For the talk titled “Rapid Learning of Morphological Paradigms,” Dr. Finley and Elizabeth Wiemers, an undergraduate student from Elmhurst College in Elmhurst, Ill., shared their research of how people learn word endings that signify gender and number.

Dr. Finley also presented a poster entitled, “The Effect of Non-Linguistic Patterns on Linguistic Biases,” which showed that language could be affected by what people see. In her research, she discovered that watching a visual pattern could change a person’s judgment of new words, as people can make comparisons between language and vision.

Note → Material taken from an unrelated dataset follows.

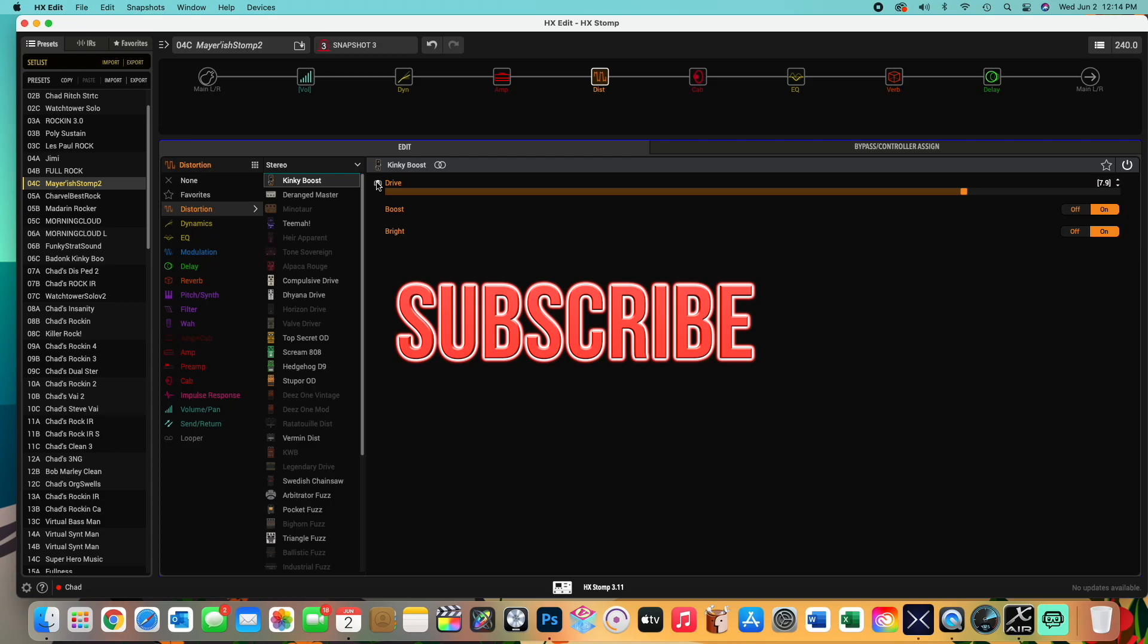Thank you so much for watching this video. Again, I don't think I've seen this anywhere else. I haven't heard anybody else teach me how to just do that with HX edit. And so that was kind of cool. If you liked this video, give me a like and subscribe to see more.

In addition to meeting with colleagues and other professionals in her field at the conference, Dr. Finley learned about new techniques for adapting traditional research to online learning. “I spoke with another professor who was working to get experiments online so that online students could participate,” explained Dr. Finley. “It got me thinking of the many ways I can extend my research program at Waldorf.”

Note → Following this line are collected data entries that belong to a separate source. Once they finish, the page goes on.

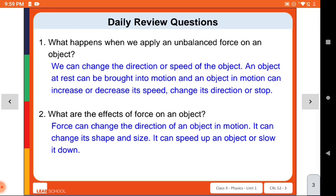An object which is in motion can have its speed increased or decreased, its direction changed, or it can be stopped. This is the effect of applying an unbalanced force on motion or rest. So the main effects of force on an object are: force can change the direction of an object, its shape, size, speed, or its state of rest or motion.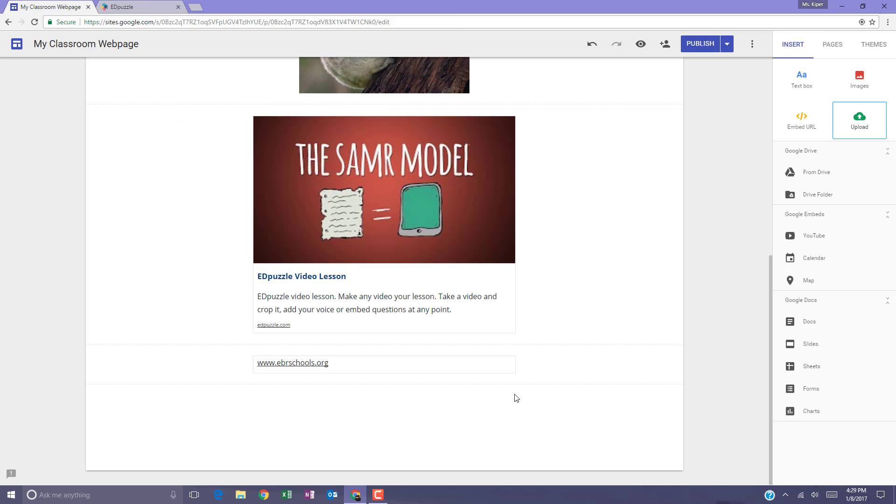Your action plan from this video is to create a page that will allow you to begin practicing with basic content, adding text boxes, images, embedding URL content, and uploading content.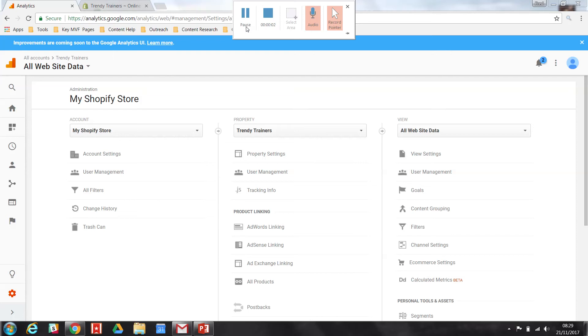Hi guys, in this short clip I'm going to show you how easy it is to add Google Analytics tracking to your Shopify store.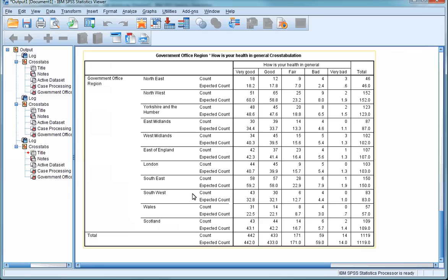The Expected Count is the number of cases we would expect to see in that cell or subgroup, given the overall distribution of the data. This figure is worked out using similar arithmetic to percentages. In fact, the number is made up by a percentage of another percentage of the whole dataset. We'll go over how Expected Counts are calculated in class using a much simpler example. However, you don't need to know how these are calculated in order to use them to help you interpret the data.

To be accepted for presentation at the conference, members of the Cognitive Science Society submit research papers for review by other members. According to Dr. Finley, roughly a quarter of the submitted papers were accepted as talks, with less than half selected for poster presentations. More than 1000 professionals attended the conference.

Cognitive science – the study of the mind and its processes – blends ideas from psychology, linguistics, philosophy, computer science, and education to understand how human knowledge is acquired, processed, and applied.

Dr. Finley became interested in the field as an undergraduate at the University of California in Santa Cruz. “What my linguistic professors were telling me about how languages are learned was different from what my psychology professors were telling me,” she said, “so I became interested in how the two fields intersected.”

The 2013-14 academic year marks Dr. Finley’s second year at Waldorf College, where she teaches cognitive psychology courses and advanced research methods.